**DATA FOR REVIEW:**
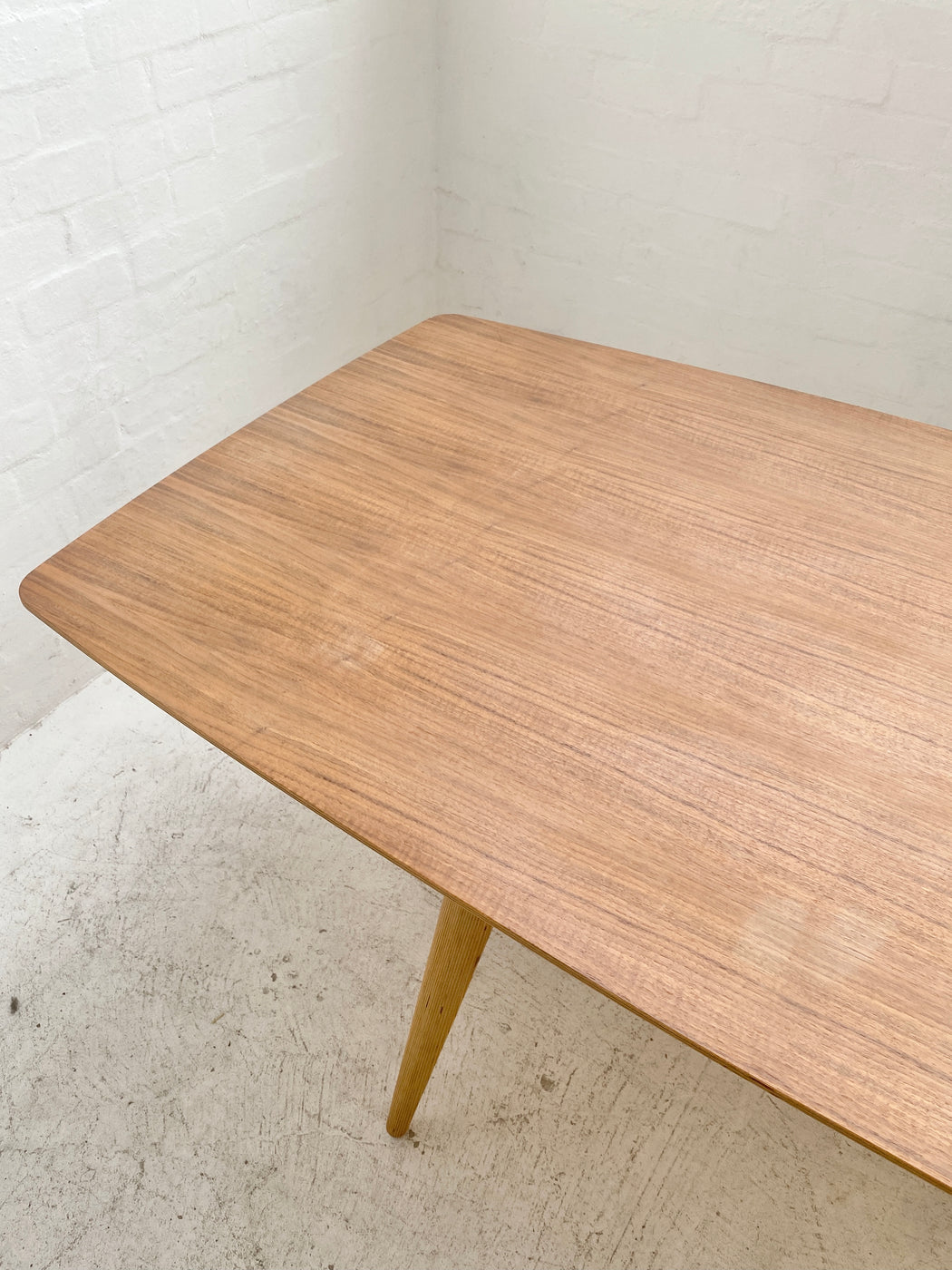 Table by Lau Lauritsen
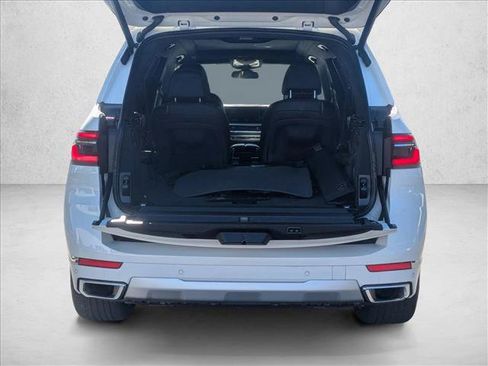 Used 2023 BMW X7 xDrive40i w/ Premium Package image 6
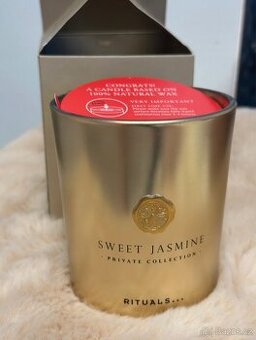 Svíčka Rituals Sweet Jasmine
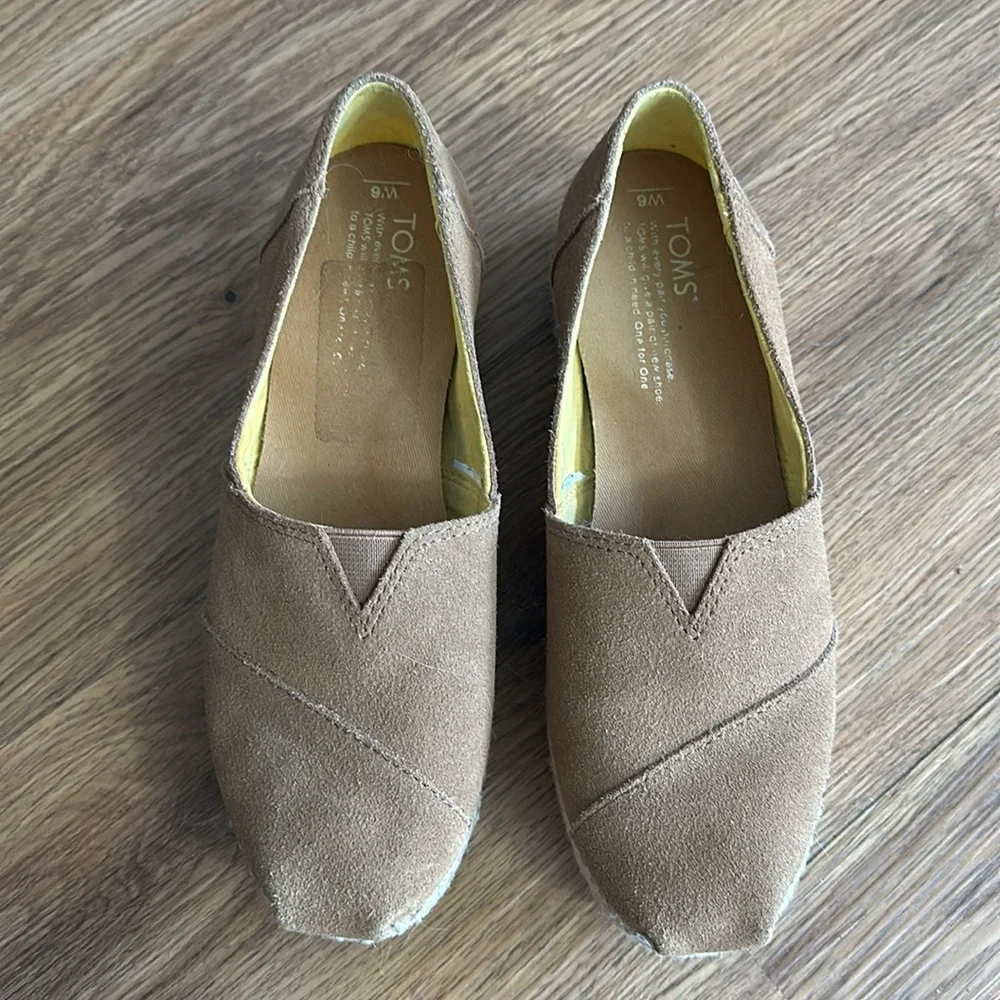 Toms Women's Tan Espadrille Slip-On Shoes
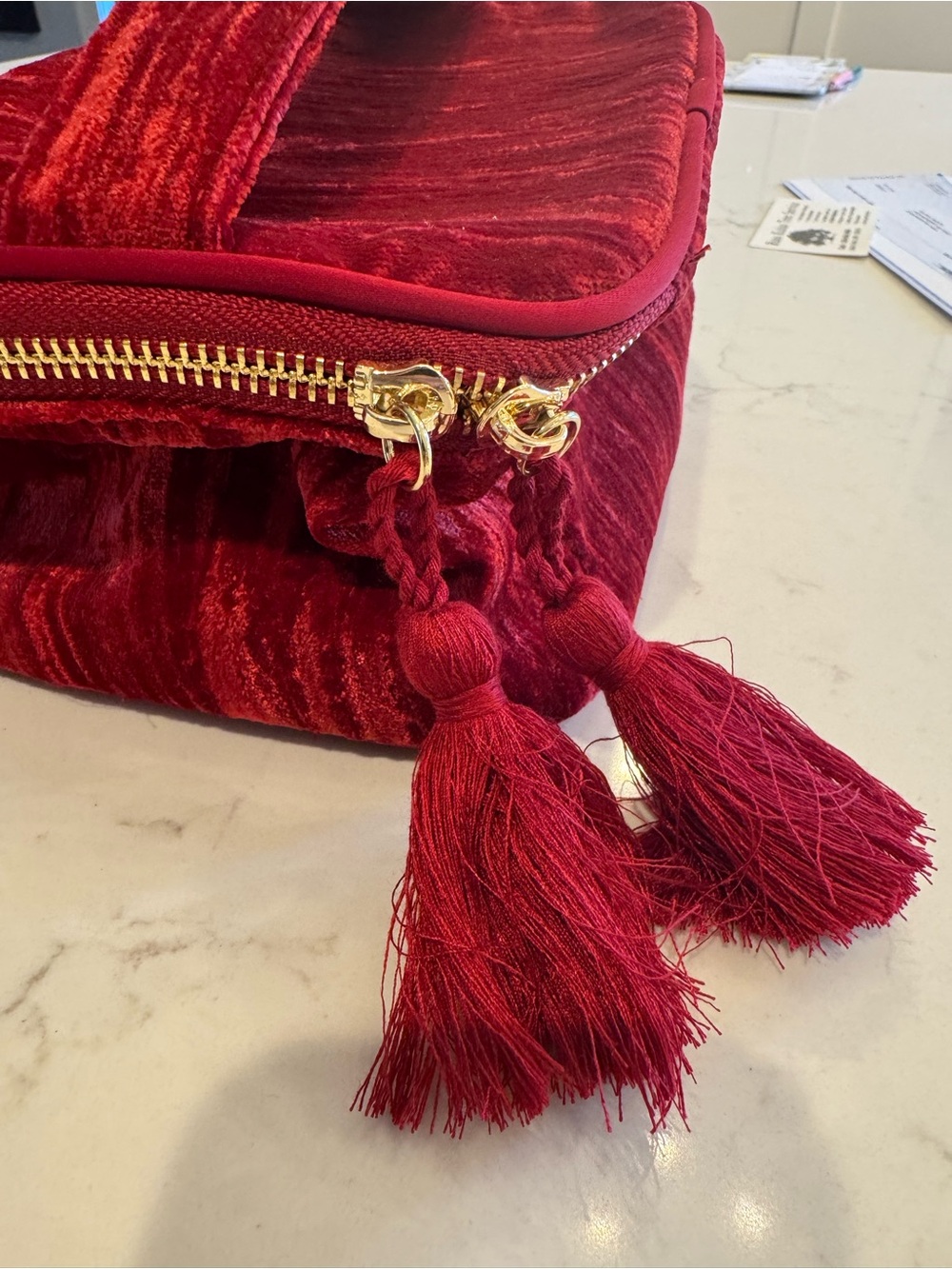 Red Velvet Cosmetic Case - Picture 4 of 6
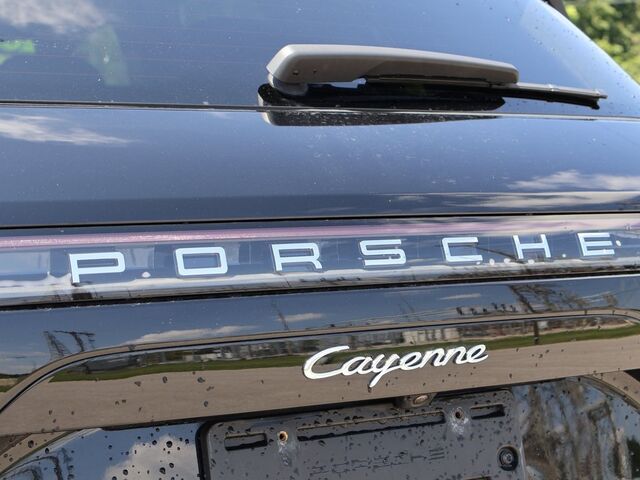 2021 Porsche Cayenne  Oshkosh WI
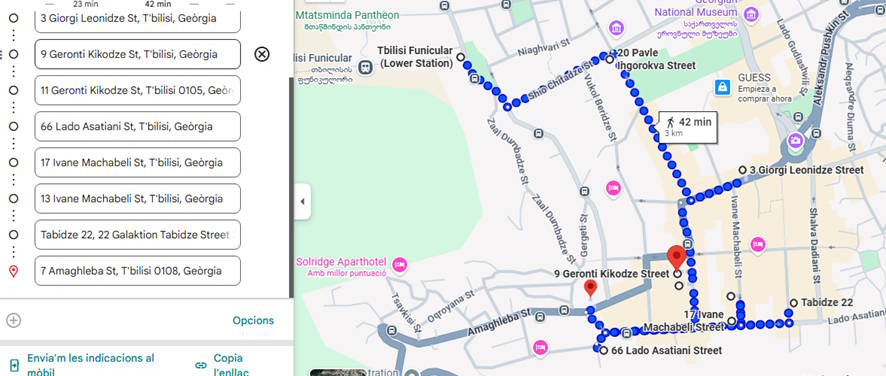 Recorregut a peu per algunes de les cases històriques del districte de Sololaki (Tbilisi, Geòrgia)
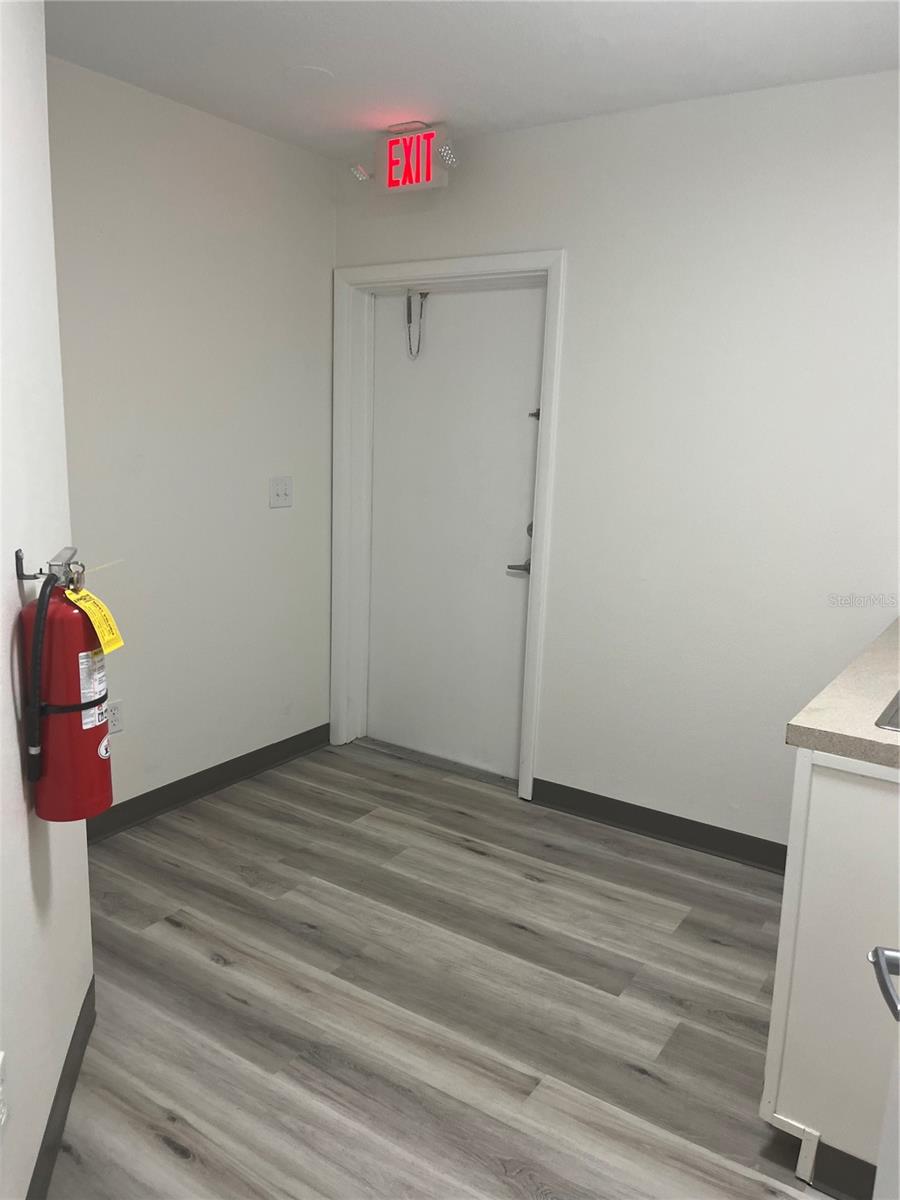 Image 17 of 20 For 125 W Plymouth Ave, Ste. 121 Road 121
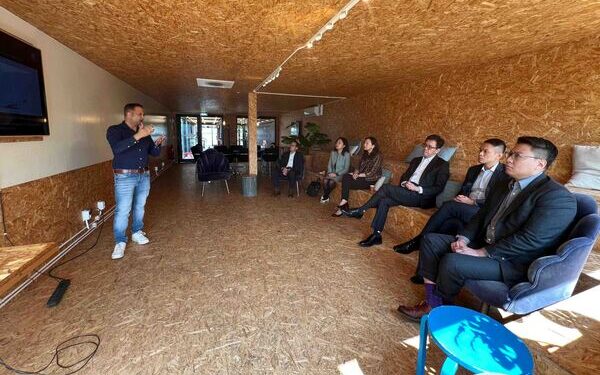 IT chief tours Dutch startup incubator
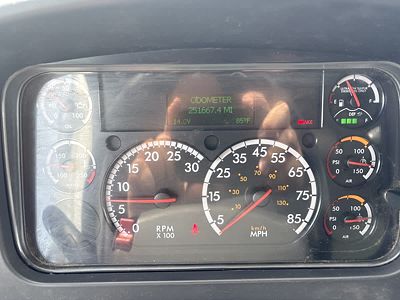 2020 Freightliner M2 106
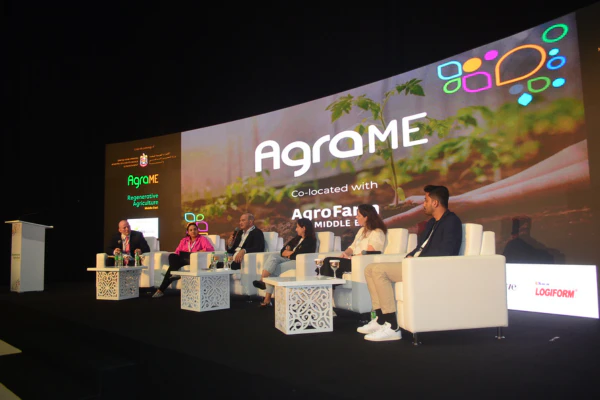 Expert panel discussion on sustainable agriculture at the Growtech Middle East conference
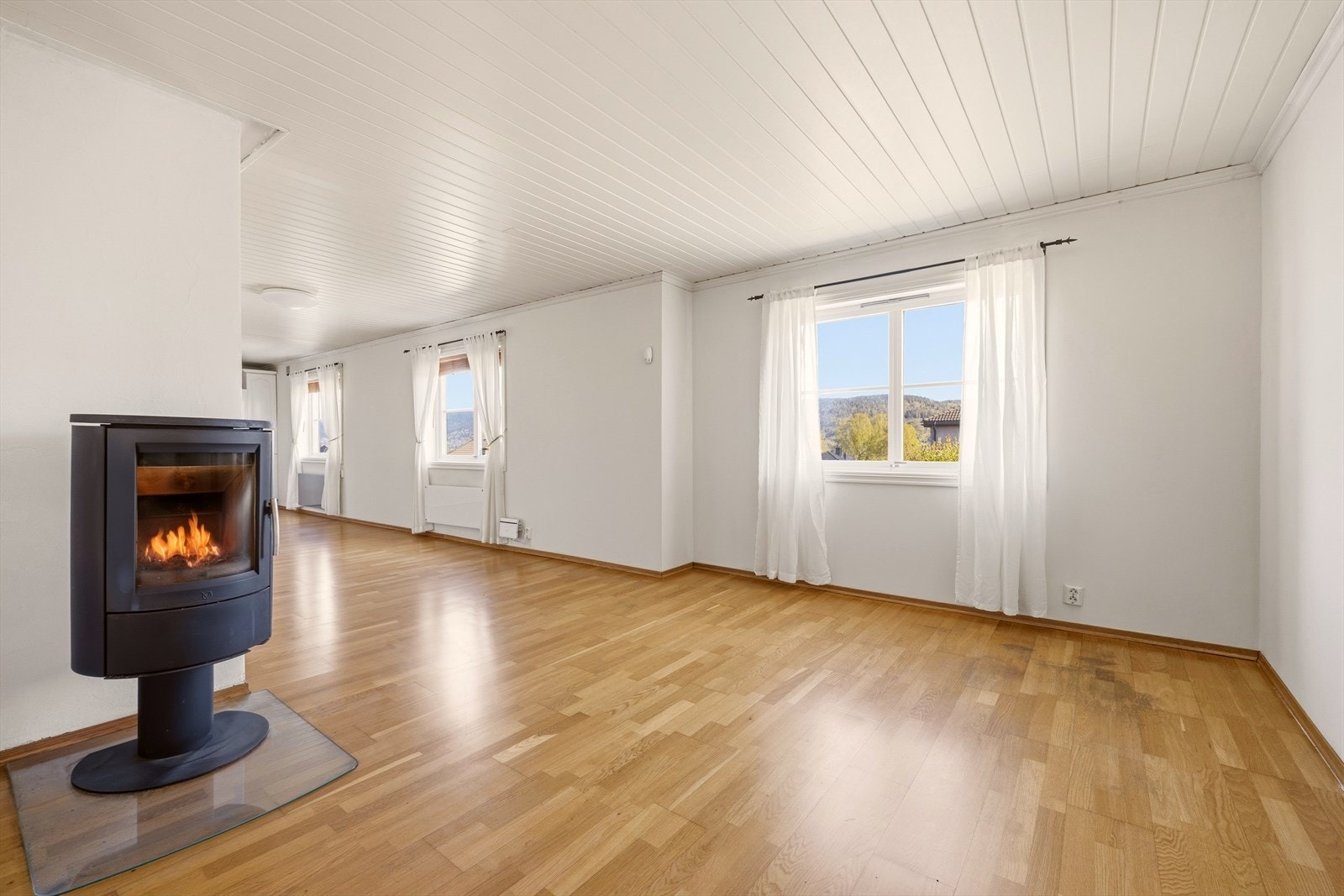 Stue med peis i utleiedel Galleribilde
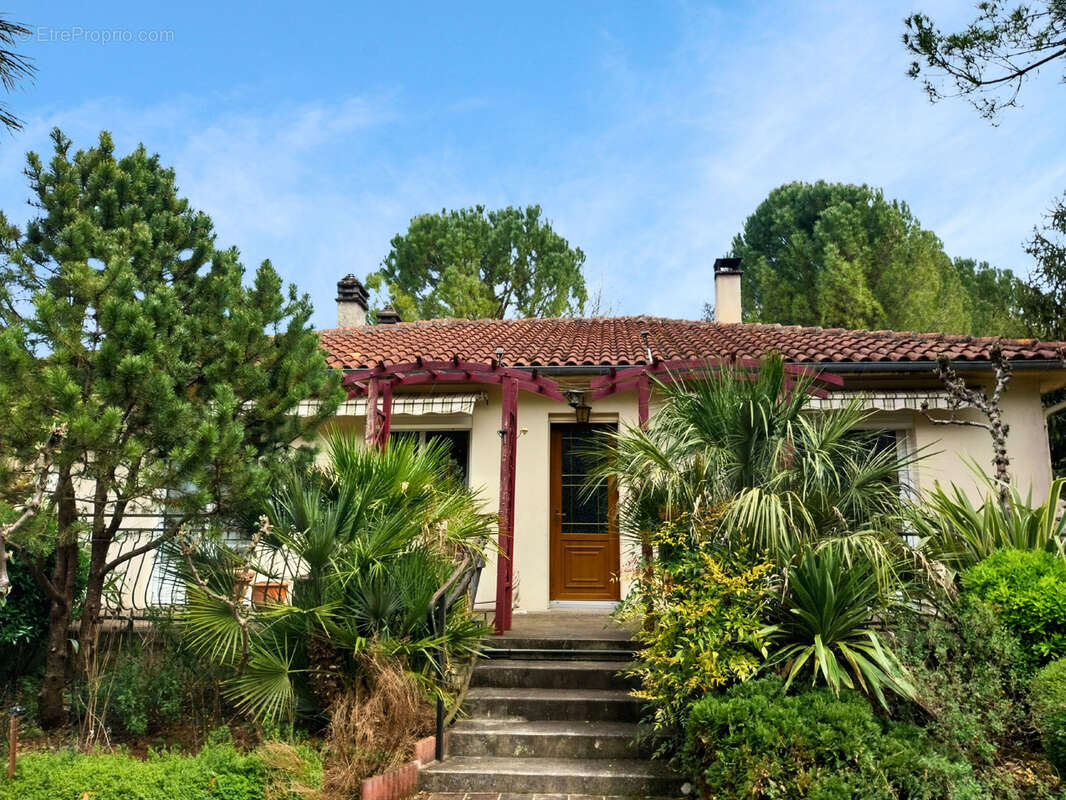 Maison à CHERVES-RICHEMONT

**TASK STATEMENT:** Pictures aside, retype the material exactly.

**FINISHED TASK:**
 Table by Lau Lauritsen
 Used 2023 BMW X7 xDrive40i w/ Premium Package image 6
 Svíčka Rituals Sweet Jasmine
 Toms Women's Tan Espadrille Slip-On Shoes
 Red Velvet Cosmetic Case - Picture 4 of 6
 2021 Porsche Cayenne  Oshkosh WI
 Recorregut a peu per algunes de les cases històriques del districte de Sololaki (Tbilisi, Geòrgia)
 Image 17 of 20 For 125 W Plymouth Ave, Ste. 121 Road 121
 IT chief tours Dutch startup incubator
 2020 Freightliner M2 106
 Expert panel discussion on sustainable agriculture at the Growtech Middle East conference
 Stue med peis i utleiedel Galleribilde
 Maison à CHERVES-RICHEMONT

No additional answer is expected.